Comme saint François, nous sommes tous et toutes invités à vivre l’expérience de la miséricorde de Dieu. Pour pouvoir faire miséricorde, nous avons besoin de vivre nous-même la miséricorde. Si on ne connait pas la miséricorde, on ne pourra la reconnaître. Il faut connaître – l’expérimenter pour pouvoir la reconnaitre et la donner.

Une fois, nous avons accueilli un jeune homme comme pensionnaire. Un garçon pas facile à vivre, avec de bonnes blessures et défauts…le genre petit roi où tout lui est dû. Nous avons tout fait pour l’aider, l’accueillir, l’aimer, et un jour, lui ayant refusé une demande qu’il faisait, il nous dit fâché : vous ne m’aimez pas – vous me rejetez – je me sens pas aimé, etc… Alors je lui dis ceci : Tu sais Mat lorsque l’on ne sait pas ce que c’est l’amour, on ne peut le reconnaître. Le jeune s’est arrêté, a réfléchi et a commencé un cheminement de croissance. Je pense que c’est pareil pour l’amour – l’humilité – la bonté, la charité, etc… lorsque nous ne connaissons pas une de ces qualités, il est difficile de les reconnaître, surtout chez les autres. De là l’importance de demander de vivre l’expérience de ces vertus, d’en faire l’expérience personnelle pour ensuite en témoigner par notre vie, nos paroles et nos actes. C’est dans ce sens que saint Isaac le Syrien dit à son disciple : Voici mon frère un commandement que je te donne : que la miséricorde l’emporte toujours dans ta balance, jusqu’au moment où tu sentiras en toi-même la miséricorde que Dieu éprouve envers le monde.

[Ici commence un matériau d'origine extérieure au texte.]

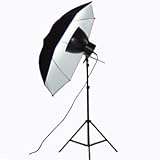 1 Cool Adjustable Light for Portrait Photography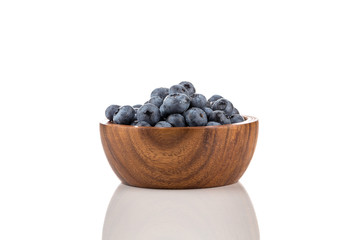 blueberries isolated close up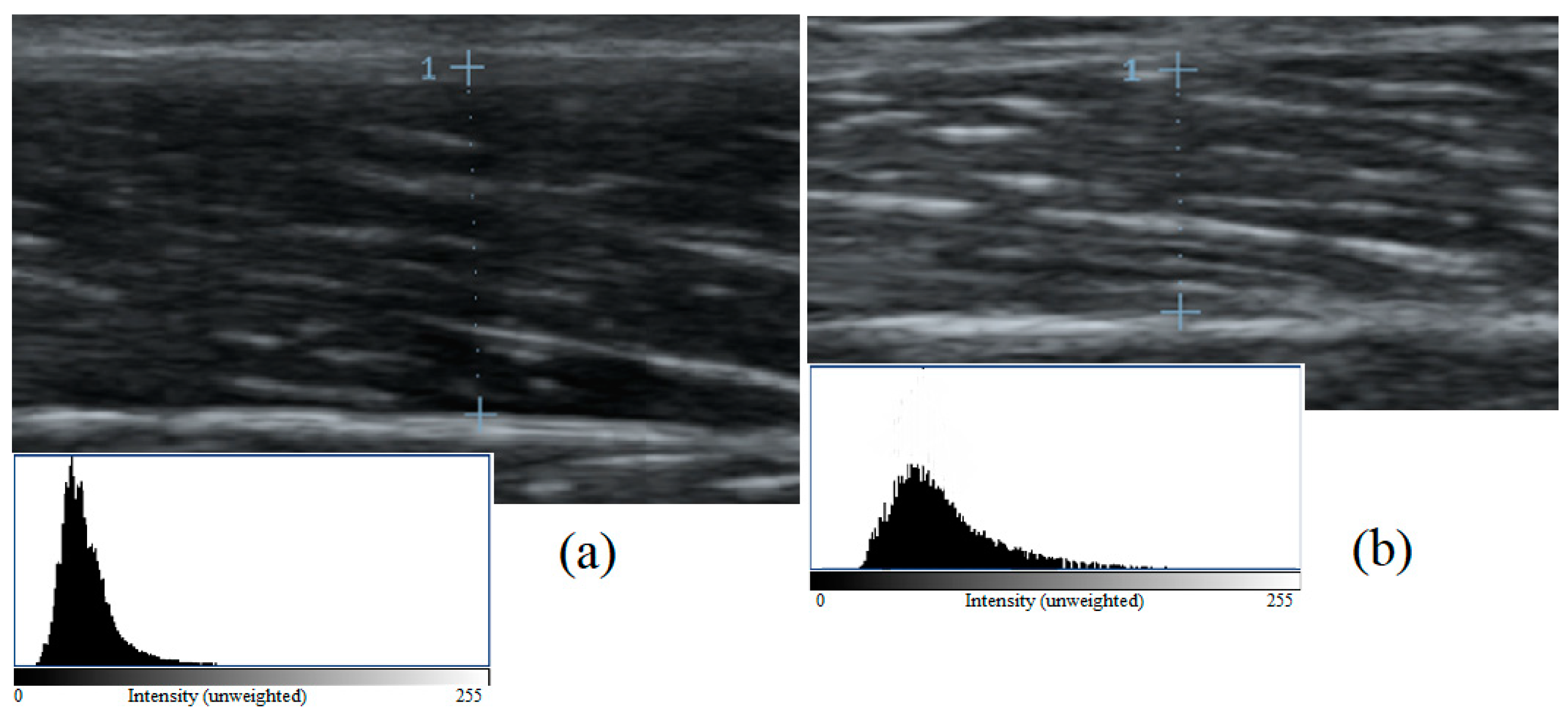 Applsci 13 11314 g002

Ce soir vous êtes invités à vivre le sacrement du pardon – sacrement de la miséricorde. Vivre le pardon de Dieu est l’expérience fondamentale qui nous permet de réaliser et surtout de toucher concrètement la tendresse de Dieu pour nous personnellement. On demandait à un handicapé ce qui serait arrivé si Jésus ne nous avait pas pardonné sur la Croix. Il répondit ceci : je n’existerais pas. Le pardon miséricordieux du Seigneur nous fait ÊTRE – nous donne l’existence et nous ouvre à la communion. Le pardon brise la dureté du cœur et la miséricorde divine défait les nœuds que cette dureté produit en nous. Saint François dit dans sa 27e admonition : Où règnent miséricorde et discernement, il n’y a ni luxe superflu ni dureté de cœur. Le pardon de Dieu est comme une dynamite qui fait éclater les barrières de la suffisance et de l’enfermement sur soi. Il nous ouvre à l’infini amour du Père et transforme notre cœur et notre âme pour pouvoir dire et vivre : GOÛTEZ et VOYEZ comme est BON LE SEIGNEUR – HEUREUX QUI S’ABRITE EN LUI, le miséricordieux.

Je vous remercie pour votre écoute et que Dieu vous bénisse.